[Image-caption web data]
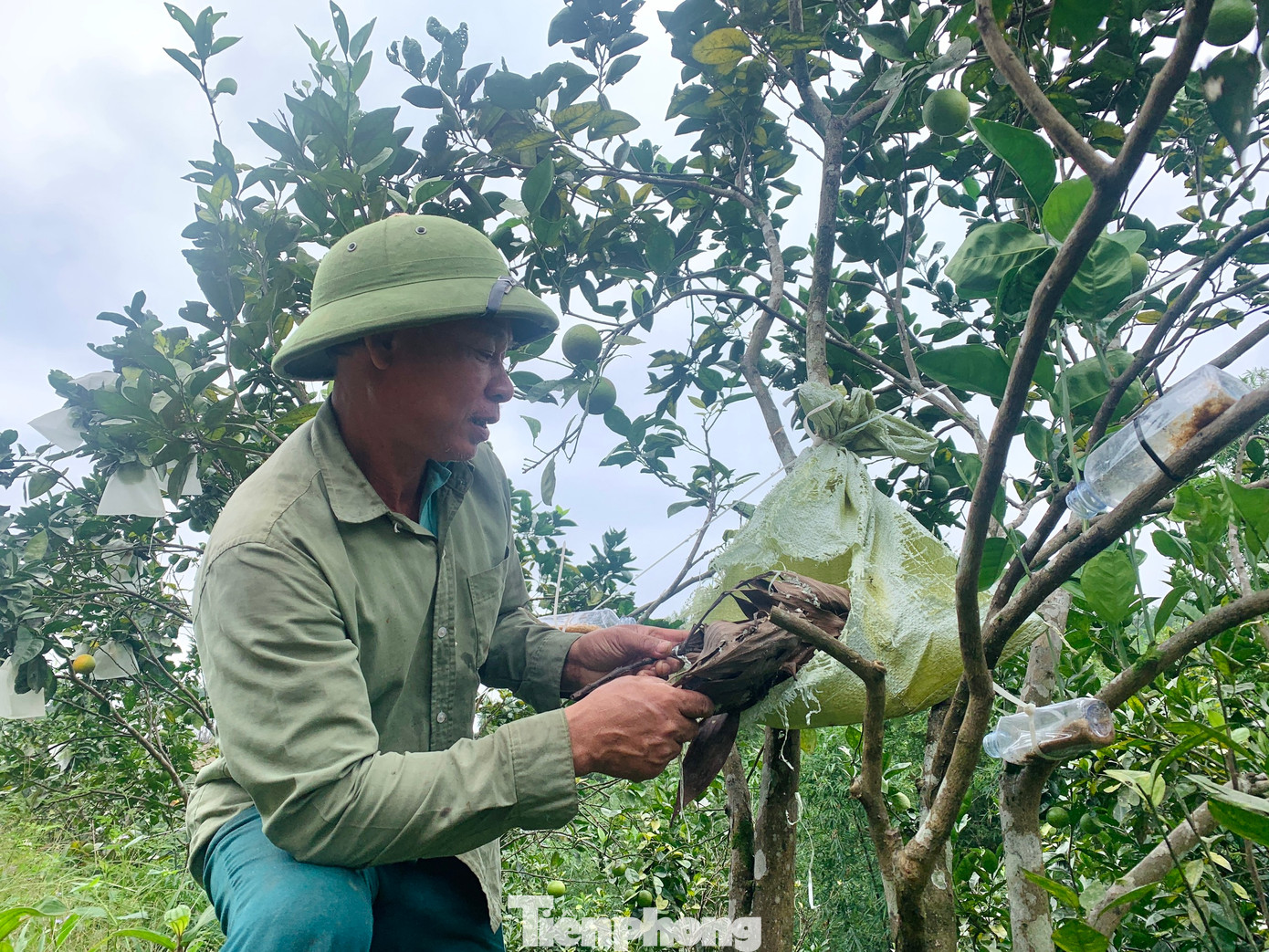 Theo ông Toại, kiến vàng là một loài thiên địch vô cùng có lợi trong vườn trái cây. Nó không chỉ có khả năng khống chế, tiêu diệt các loài côn trùng có hại cho cây trồng mà còn giúp tăng độ ngon ngọt cho phần ruột trái. Ông Toại dùng dây cột các gốc cây lại với nhau để tạo đường đi cho kiến... Theo ông Toại, kiến vàng là một loài thiên địch vô cùng có lợi trong vườn trái cây. Nó không chỉ có khả năng khống chế, tiêu diệt các loài côn trùng có hại cho cây trồng mà còn giúp tăng độ ngon ngọt cho phần ruột trái. Ông Toại dùng dây cột các gốc cây lại với nhau để tạo đường đi cho kiến...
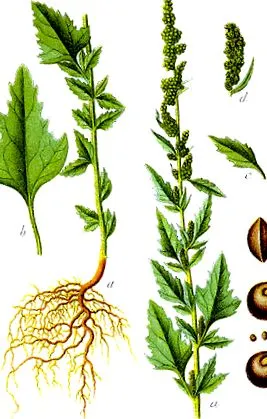 Chenopodium album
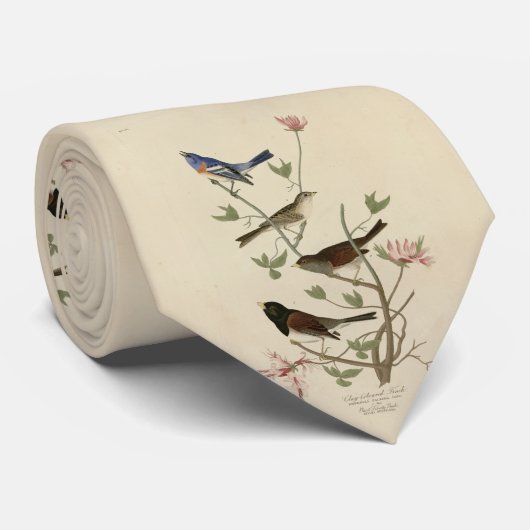 Cravate Bunting, Sparrow, Junco, (Finches) Oiseaux d'Audub (Roulé)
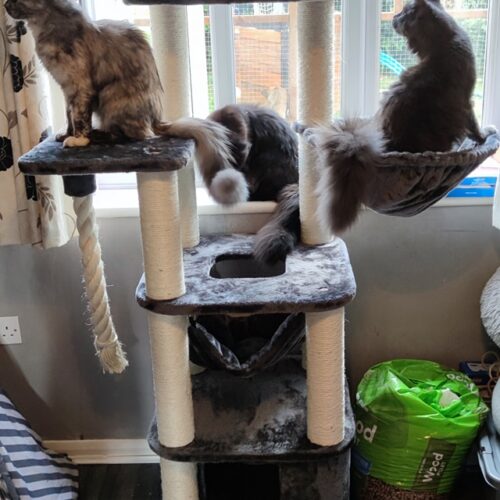 240701172 198857948944210 996401761857213600 n 500x500 - Cat Tree For Large Breeds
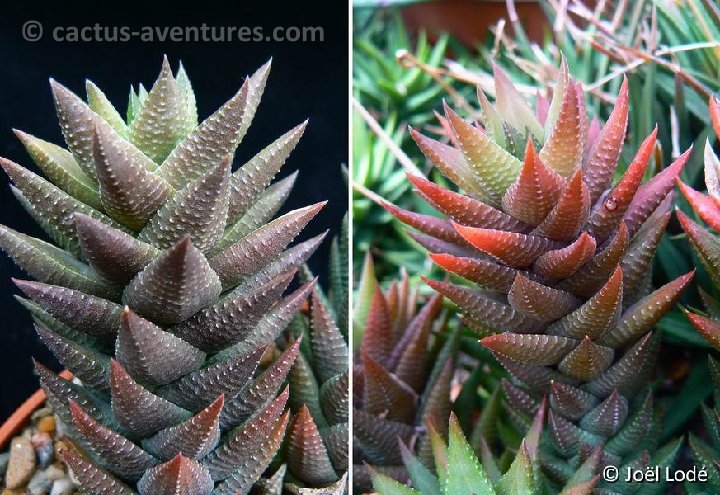 Haworthia resendeana JL472 P1220341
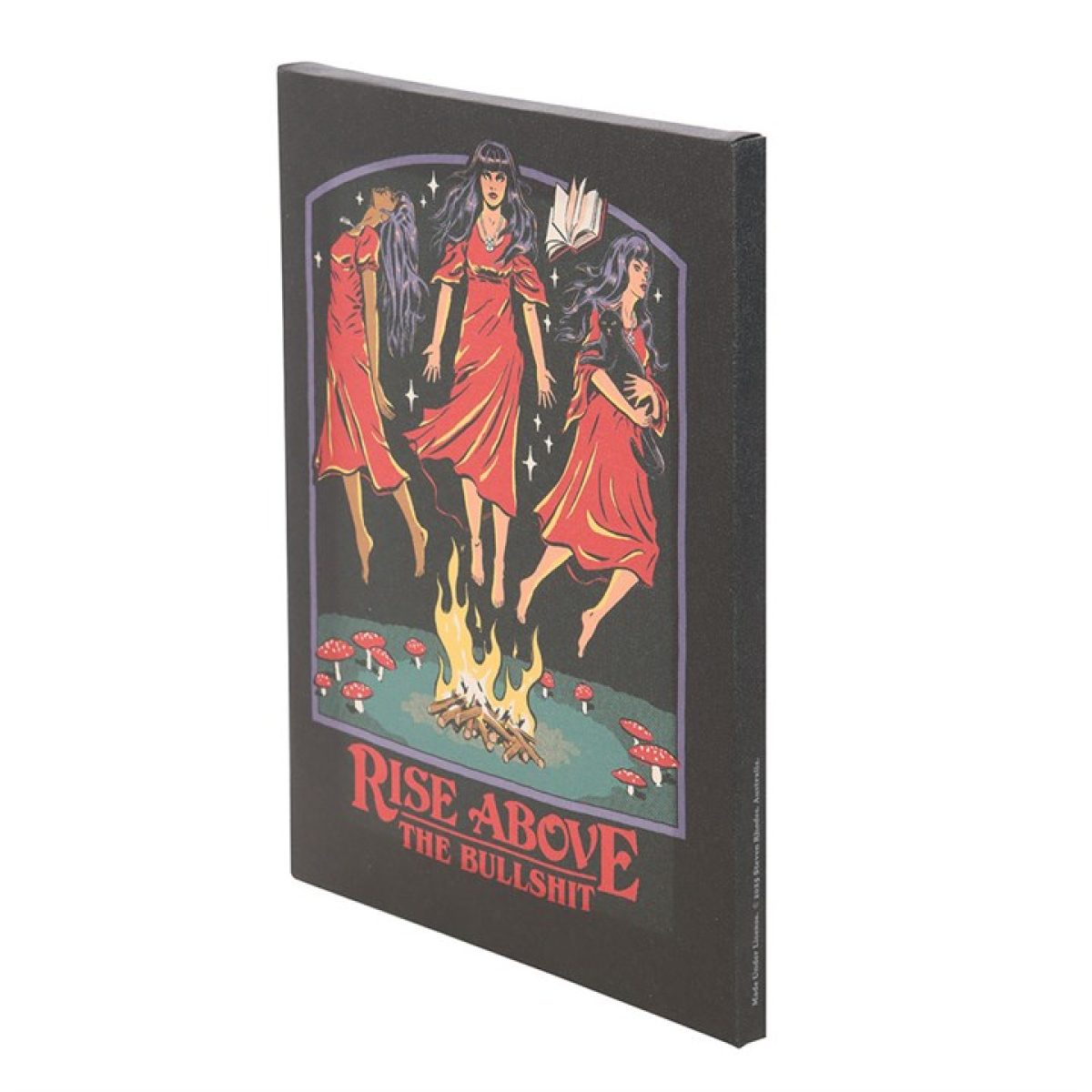 19x25cm Rise Above the Bullshit Canvas Plaque by Steven Rhodes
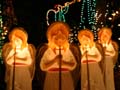 Bright Nights In Stanley Park, Christmas Nights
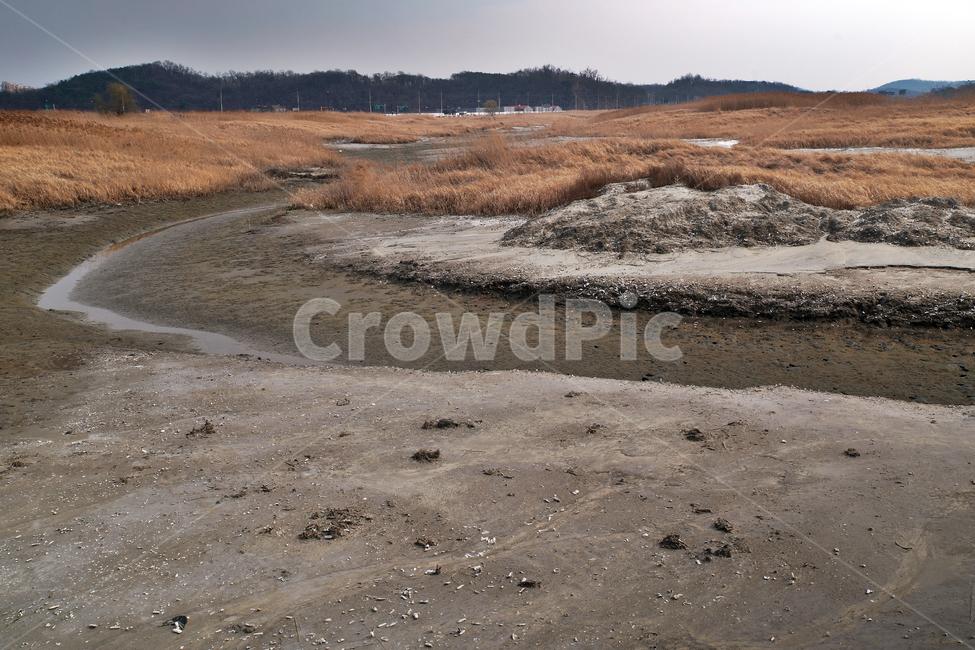 우음도,초원,갈대,시화호,화성시,간척지,갯벌,갯골,자연,풍경,nature,landscape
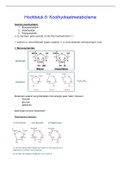 Hoofdstuk 6 biochemie: Koolhydraat metabolisme (2021-2022)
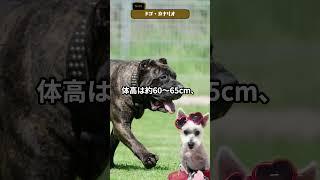 ドゴ・カナリオを紹介するます【犬種紹介No038】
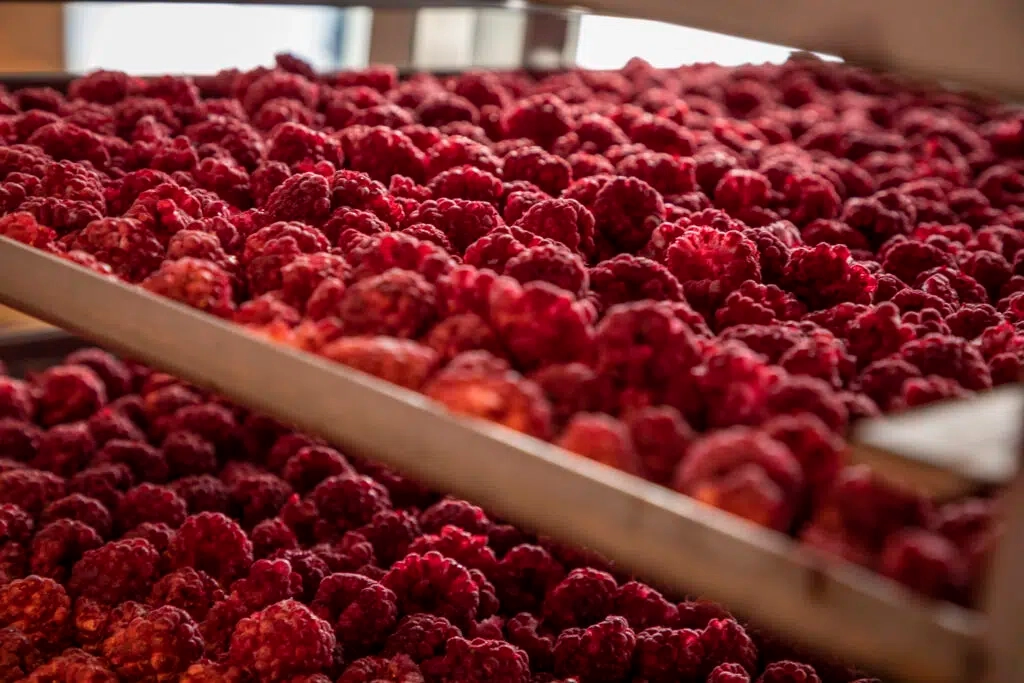 Fresh raspberries close-up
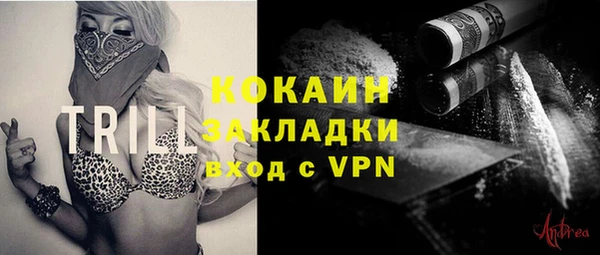 спиды Бородино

== REQUIRED WORK ==
Give again, word for word, only the lines from the line containing "Haworthia resendeana JL472 P1220341" through the last line above, both included; leave the pictures out.

== ANSWER TO THE EXERCISE ==
 Haworthia resendeana JL472 P1220341
 19x25cm Rise Above the Bullshit Canvas Plaque by Steven Rhodes
 Bright Nights In Stanley Park, Christmas Nights
 우음도,초원,갈대,시화호,화성시,간척지,갯벌,갯골,자연,풍경,nature,landscape
 Hoofdstuk 6 biochemie: Koolhydraat metabolisme (2021-2022)
 ドゴ・カナリオを紹介するます【犬種紹介No038】
 Fresh raspberries close-up
 спиды Бородино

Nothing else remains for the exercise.